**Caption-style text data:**

== Segment start ==

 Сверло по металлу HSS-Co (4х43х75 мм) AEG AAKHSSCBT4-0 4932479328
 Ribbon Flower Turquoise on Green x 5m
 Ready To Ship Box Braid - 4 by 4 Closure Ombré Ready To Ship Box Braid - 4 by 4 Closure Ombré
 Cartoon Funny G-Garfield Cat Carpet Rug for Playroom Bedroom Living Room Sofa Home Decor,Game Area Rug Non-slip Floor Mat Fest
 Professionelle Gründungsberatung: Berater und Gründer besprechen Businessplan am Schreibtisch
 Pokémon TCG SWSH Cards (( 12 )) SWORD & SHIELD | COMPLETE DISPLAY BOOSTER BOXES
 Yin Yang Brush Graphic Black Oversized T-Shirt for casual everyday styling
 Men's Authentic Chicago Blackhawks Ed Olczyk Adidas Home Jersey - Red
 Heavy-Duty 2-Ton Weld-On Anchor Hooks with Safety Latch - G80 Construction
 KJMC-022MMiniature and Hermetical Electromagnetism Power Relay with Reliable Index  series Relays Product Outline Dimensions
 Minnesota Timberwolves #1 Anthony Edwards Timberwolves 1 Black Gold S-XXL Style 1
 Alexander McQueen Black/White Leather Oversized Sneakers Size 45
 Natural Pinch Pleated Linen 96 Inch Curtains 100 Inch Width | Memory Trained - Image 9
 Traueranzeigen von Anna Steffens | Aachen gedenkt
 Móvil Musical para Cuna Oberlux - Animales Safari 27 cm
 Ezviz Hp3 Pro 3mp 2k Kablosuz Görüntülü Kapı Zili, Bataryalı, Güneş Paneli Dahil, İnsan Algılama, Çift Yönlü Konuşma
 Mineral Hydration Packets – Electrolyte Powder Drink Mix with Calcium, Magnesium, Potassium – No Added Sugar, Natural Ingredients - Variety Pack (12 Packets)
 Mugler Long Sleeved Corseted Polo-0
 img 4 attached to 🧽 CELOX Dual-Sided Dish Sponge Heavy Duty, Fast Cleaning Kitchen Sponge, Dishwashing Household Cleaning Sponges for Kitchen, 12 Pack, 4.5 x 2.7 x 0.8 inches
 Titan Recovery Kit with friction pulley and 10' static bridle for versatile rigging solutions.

== Segment end ==

**Exercise description:** Retype the entries precisely as they stand.

**Answer box:**
 Сверло по металлу HSS-Co (4х43х75 мм) AEG AAKHSSCBT4-0 4932479328
 Ribbon Flower Turquoise on Green x 5m
 Ready To Ship Box Braid - 4 by 4 Closure Ombré Ready To Ship Box Braid - 4 by 4 Closure Ombré
 Cartoon Funny G-Garfield Cat Carpet Rug for Playroom Bedroom Living Room Sofa Home Decor,Game Area Rug Non-slip Floor Mat Fest
 Professionelle Gründungsberatung: Berater und Gründer besprechen Businessplan am Schreibtisch
 Pokémon TCG SWSH Cards (( 12 )) SWORD & SHIELD | COMPLETE DISPLAY BOOSTER BOXES
 Yin Yang Brush Graphic Black Oversized T-Shirt for casual everyday styling
 Men's Authentic Chicago Blackhawks Ed Olczyk Adidas Home Jersey - Red
 Heavy-Duty 2-Ton Weld-On Anchor Hooks with Safety Latch - G80 Construction
 KJMC-022MMiniature and Hermetical Electromagnetism Power Relay with Reliable Index  series Relays Product Outline Dimensions
 Minnesota Timberwolves #1 Anthony Edwards Timberwolves 1 Black Gold S-XXL Style 1
 Alexander McQueen Black/White Leather Oversized Sneakers Size 45
 Natural Pinch Pleated Linen 96 Inch Curtains 100 Inch Width | Memory Trained - Image 9
 Traueranzeigen von Anna Steffens | Aachen gedenkt
 Móvil Musical para Cuna Oberlux - Animales Safari 27 cm
 Ezviz Hp3 Pro 3mp 2k Kablosuz Görüntülü Kapı Zili, Bataryalı, Güneş Paneli Dahil, İnsan Algılama, Çift Yönlü Konuşma
 Mineral Hydration Packets – Electrolyte Powder Drink Mix with Calcium, Magnesium, Potassium – No Added Sugar, Natural Ingredients - Variety Pack (12 Packets)
 Mugler Long Sleeved Corseted Polo-0
 img 4 attached to 🧽 CELOX Dual-Sided Dish Sponge Heavy Duty, Fast Cleaning Kitchen Sponge, Dishwashing Household Cleaning Sponges for Kitchen, 12 Pack, 4.5 x 2.7 x 0.8 inches
 Titan Recovery Kit with friction pulley and 10' static bridle for versatile rigging solutions.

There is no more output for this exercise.